## Brief
Leave every picture out. Set down all the lines below exactly.

## Supplied material
"""
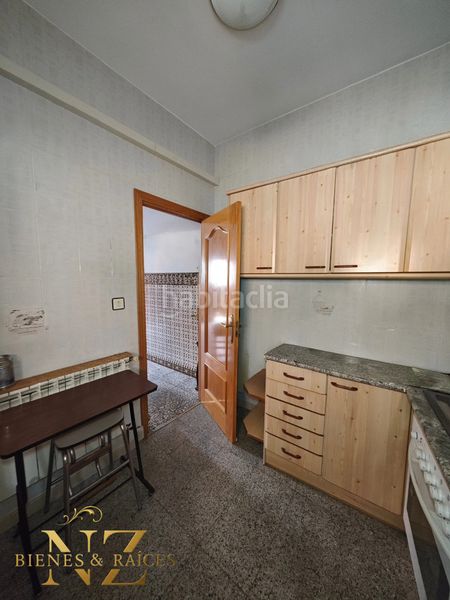 Foto e0988167-61e1-4d8c-bc4d-8729da8cd489. Casa amb calefacció aparcament a Burguillos de Toledo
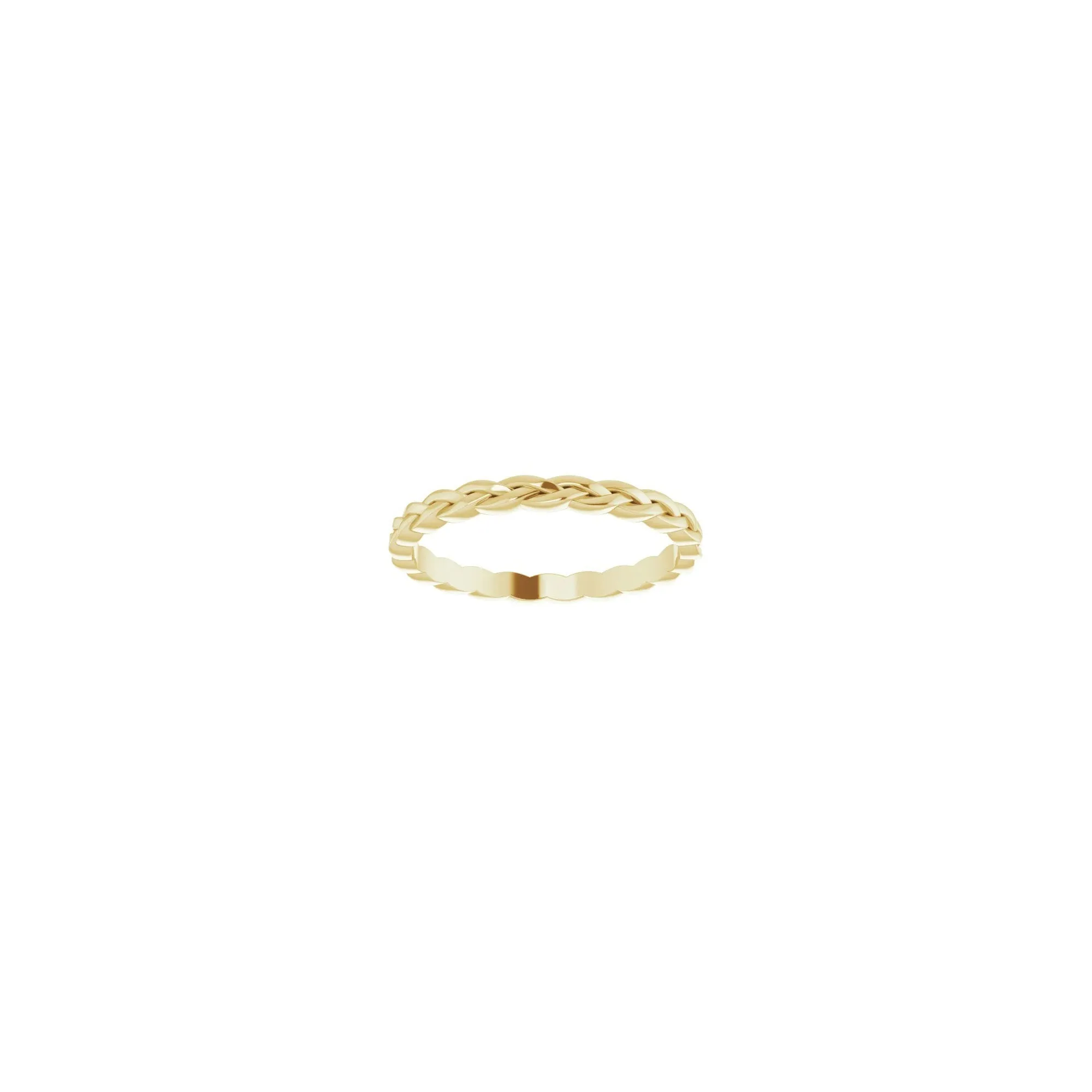 Woven Band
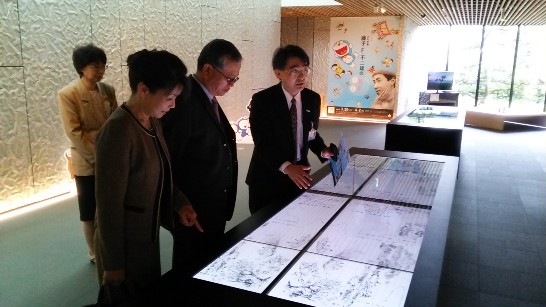 発信日時：2014/5/1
"""
## Answer to the problem
 Foto e0988167-61e1-4d8c-bc4d-8729da8cd489. Casa amb calefacció aparcament a Burguillos de Toledo
 Woven Band
 発信日時：2014/5/1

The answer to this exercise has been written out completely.